He urged marketers to exercise caution, warning that hoarding large volumes at inflated prices could lead to financial ruin.
“We, the independent marketers, are asking our members not to buy so much goods because when they buy so much volume of fuel at a higher rate from the depot owners, at the end of the day, it might result in losing a lot of capital.
“Dangote may crash the price, and most of them with high volumes of PMS will run into problems. So, all marketers should be careful to avoid losses,” he advised.
Ukadike also revealed that discussions between the Federal Government and the Dangote refinery were progressing to reinstate crude oil sales in naira.
“I have gathered that the Federal Government and Dangote refinery are almost resolving this matter.
“The two of them are reviewing the naira-for-crude deal to continue the sale of crude oil in naira to the refinery again.

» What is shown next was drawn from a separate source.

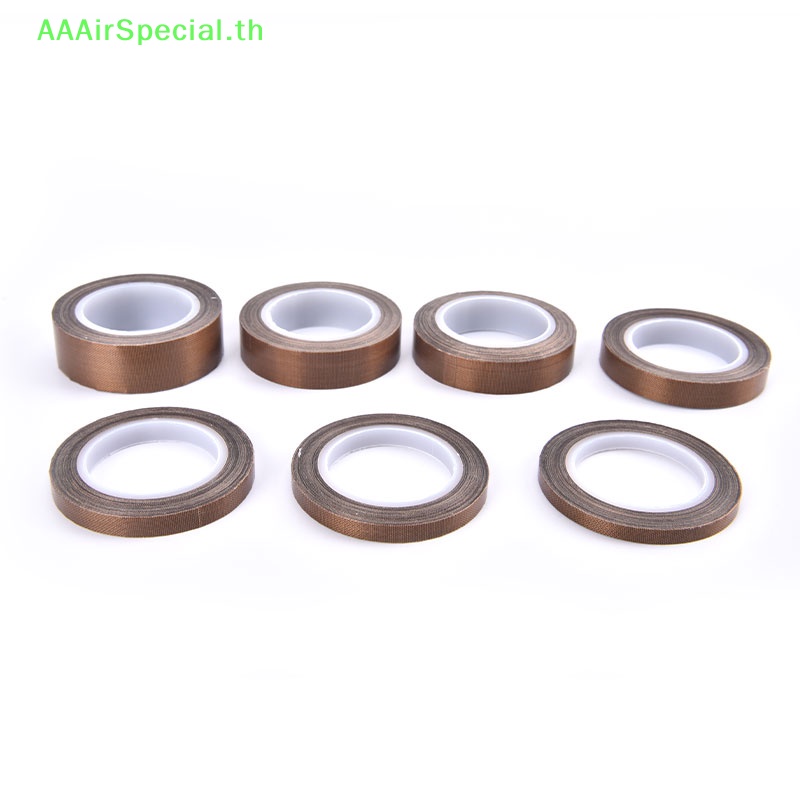 aaairspecial-เทปกาว-ptfe-ทนความร้อนสูง-300-องศา-10-เมตร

But the official statement has not come out. We are waiting for the official statement,” he said.
Sources familiar with the failed naira-for-crude deal blamed the Nigerian National Petroleum Company Limited (NNPCL) for tying up future crude sales in financial deals, leaving little supply for domestic refining.
NNPCL spokesperson Olufemi Soneye disclosed that talks were ongoing to renew the naira-for-crude arrangement, as the initial phase of the deal, which started in October 2024, was set to expire this month.
Since October, the Dangote refinery has reportedly received 48 million barrels of crude from the NNPCL.
The decision to suspend naira sales has sparked speculation that some industry players aim to curb the Dangote refinery’s growing influence. Critics argue that the move could be an attempt to undermine local refining efforts and revive full-scale fuel importation.